Short web captions:
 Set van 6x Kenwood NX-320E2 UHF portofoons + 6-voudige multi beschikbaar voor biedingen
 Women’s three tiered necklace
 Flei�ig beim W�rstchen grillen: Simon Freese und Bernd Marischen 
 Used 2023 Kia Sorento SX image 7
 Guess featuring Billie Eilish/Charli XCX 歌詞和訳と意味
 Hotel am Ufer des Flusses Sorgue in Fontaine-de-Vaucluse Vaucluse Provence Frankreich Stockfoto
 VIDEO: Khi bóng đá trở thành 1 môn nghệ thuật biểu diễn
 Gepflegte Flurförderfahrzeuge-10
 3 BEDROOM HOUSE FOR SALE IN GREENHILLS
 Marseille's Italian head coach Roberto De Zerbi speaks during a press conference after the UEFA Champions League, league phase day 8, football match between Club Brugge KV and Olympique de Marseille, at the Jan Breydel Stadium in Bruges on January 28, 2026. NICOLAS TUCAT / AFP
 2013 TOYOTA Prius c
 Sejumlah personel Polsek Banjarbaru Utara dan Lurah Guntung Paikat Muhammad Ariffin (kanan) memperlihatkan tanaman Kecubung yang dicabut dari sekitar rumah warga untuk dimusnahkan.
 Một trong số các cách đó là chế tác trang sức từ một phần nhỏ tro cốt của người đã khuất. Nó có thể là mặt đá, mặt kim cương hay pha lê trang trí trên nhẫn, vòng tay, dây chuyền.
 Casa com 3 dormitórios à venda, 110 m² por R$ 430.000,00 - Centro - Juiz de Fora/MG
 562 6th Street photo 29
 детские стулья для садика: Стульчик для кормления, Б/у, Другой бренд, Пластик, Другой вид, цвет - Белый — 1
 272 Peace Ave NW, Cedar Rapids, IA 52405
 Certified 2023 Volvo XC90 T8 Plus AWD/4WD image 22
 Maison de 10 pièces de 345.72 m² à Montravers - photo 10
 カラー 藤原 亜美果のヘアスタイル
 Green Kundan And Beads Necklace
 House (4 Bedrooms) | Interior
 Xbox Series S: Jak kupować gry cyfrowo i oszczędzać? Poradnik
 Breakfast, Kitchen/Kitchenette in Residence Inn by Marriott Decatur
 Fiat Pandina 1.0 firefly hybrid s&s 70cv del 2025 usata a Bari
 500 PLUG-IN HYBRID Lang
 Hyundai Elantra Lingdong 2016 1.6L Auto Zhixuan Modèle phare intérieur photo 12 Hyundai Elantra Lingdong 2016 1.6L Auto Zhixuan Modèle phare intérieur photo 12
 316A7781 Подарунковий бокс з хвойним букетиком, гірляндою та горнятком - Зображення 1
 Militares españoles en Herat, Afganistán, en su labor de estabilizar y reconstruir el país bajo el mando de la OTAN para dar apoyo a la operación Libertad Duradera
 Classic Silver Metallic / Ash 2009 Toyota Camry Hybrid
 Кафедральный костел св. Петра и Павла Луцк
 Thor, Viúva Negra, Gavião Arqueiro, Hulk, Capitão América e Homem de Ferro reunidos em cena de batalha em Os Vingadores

Work required: Scan the records above and report every line with the string "photo".

Output of the task:
 562 6th Street photo 29
 Maison de 10 pièces de 345.72 m² à Montravers - photo 10
 Hyundai Elantra Lingdong 2016 1.6L Auto Zhixuan Modèle phare intérieur photo 12 Hyundai Elantra Lingdong 2016 1.6L Auto Zhixuan Modèle phare intérieur photo 12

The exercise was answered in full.